Output every entry below word for word, without its pictures.

Stored entries:
------

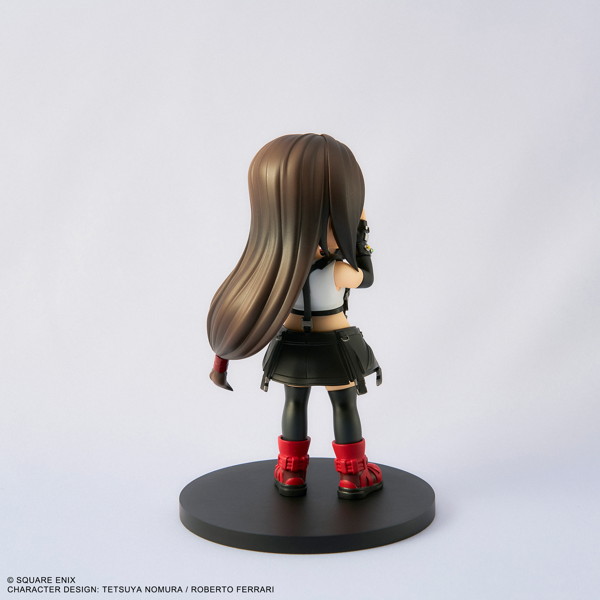 【再販】ファイナルファンタジーVII リバース アドラブルアーツ ティファ・ロックハート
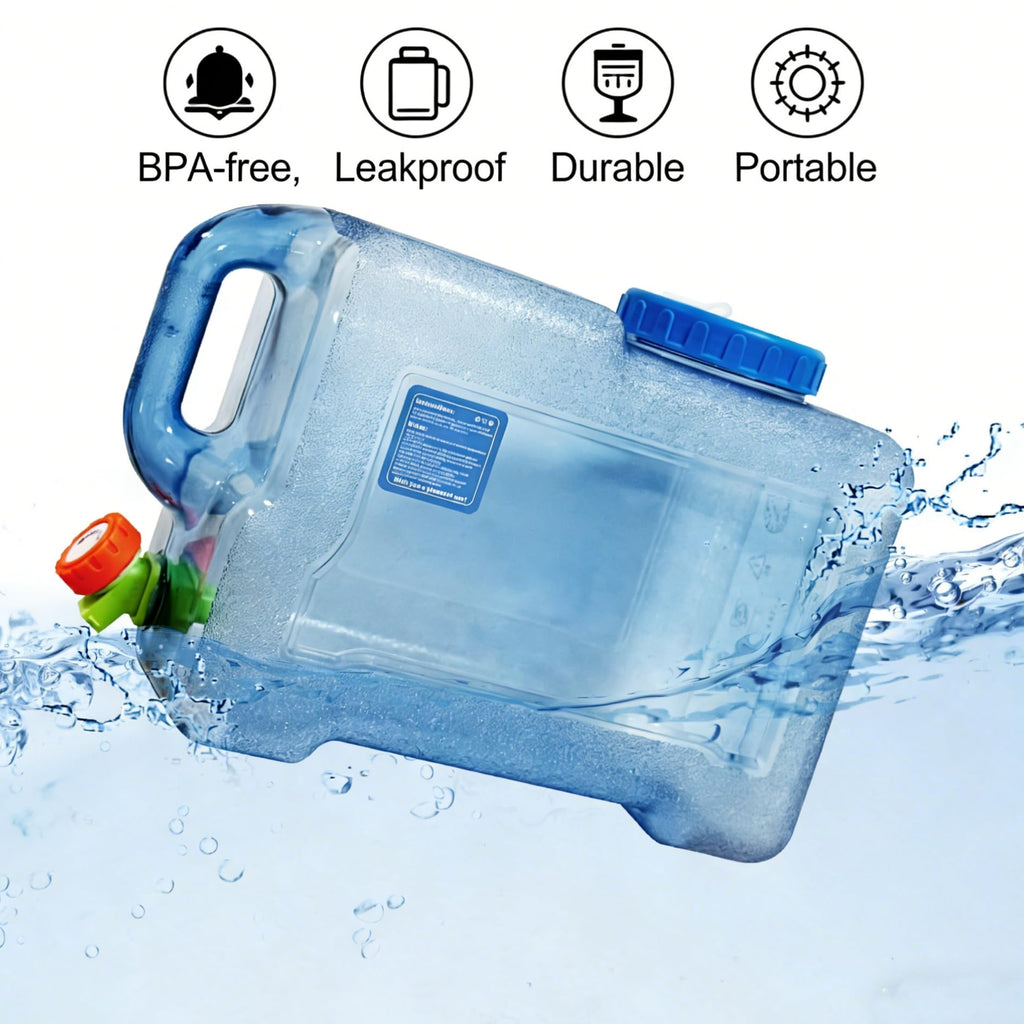 3.17 Gallon BPA Free Water Container with Spigot B280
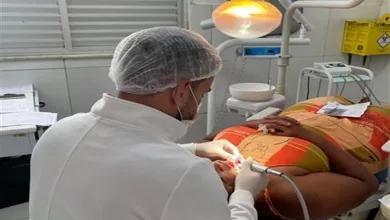 Secretaria de Saúde leva projeto Mais Saúde Para Todos para o distrito do Bessa, em Conceição do Jacuípe - Foto: Reprodução/DECOM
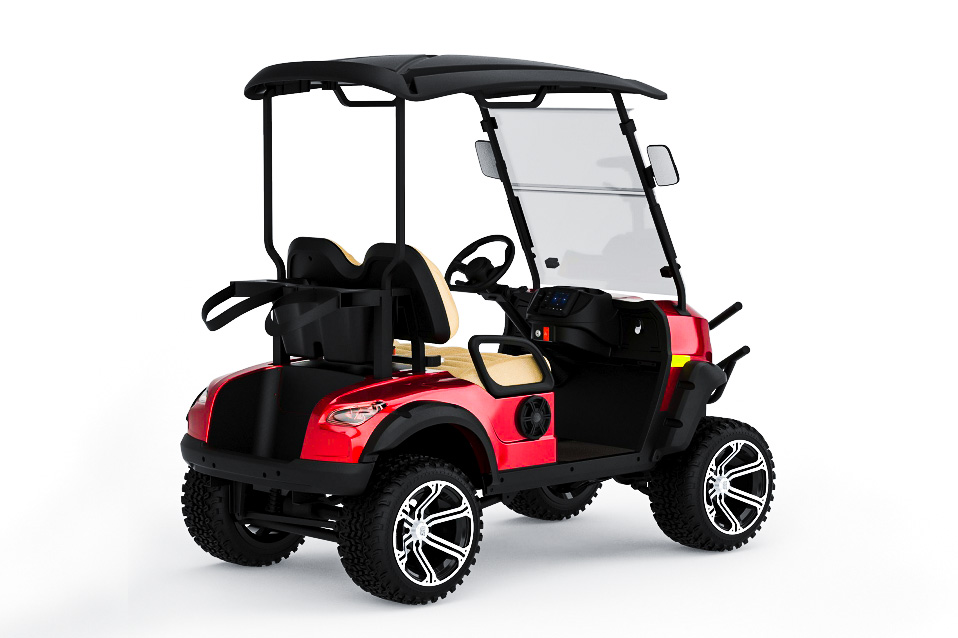 Electric Golf Cart ES-L2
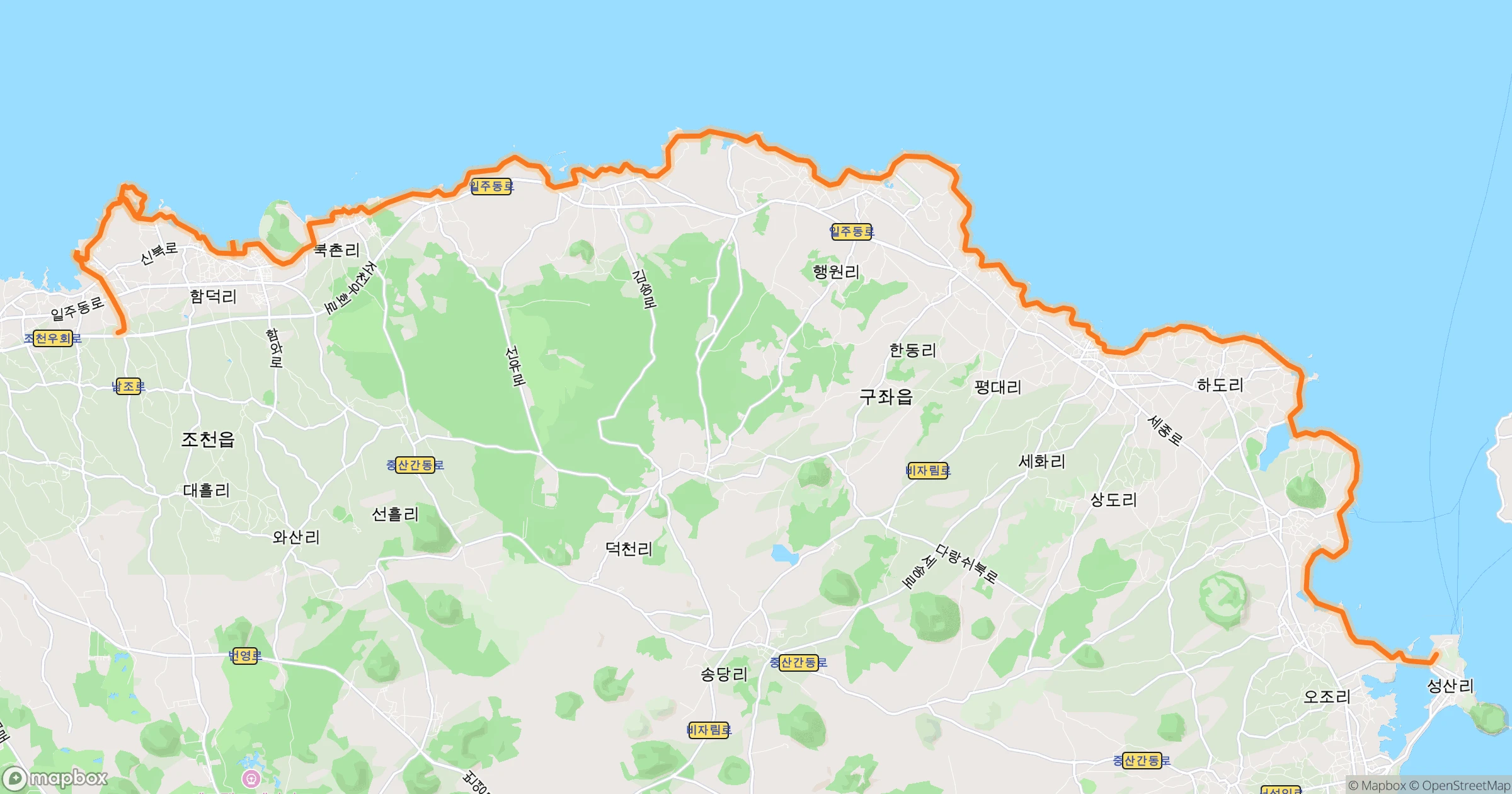 아따메 · 50.5km | O-Rider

------

[Written reply]:
 【再販】ファイナルファンタジーVII リバース アドラブルアーツ ティファ・ロックハート
 3.17 Gallon BPA Free Water Container with Spigot B280
 Secretaria de Saúde leva projeto Mais Saúde Para Todos para o distrito do Bessa, em Conceição do Jacuípe - Foto: Reprodução/DECOM
 Electric Golf Cart ES-L2
 아따메 · 50.5km | O-Rider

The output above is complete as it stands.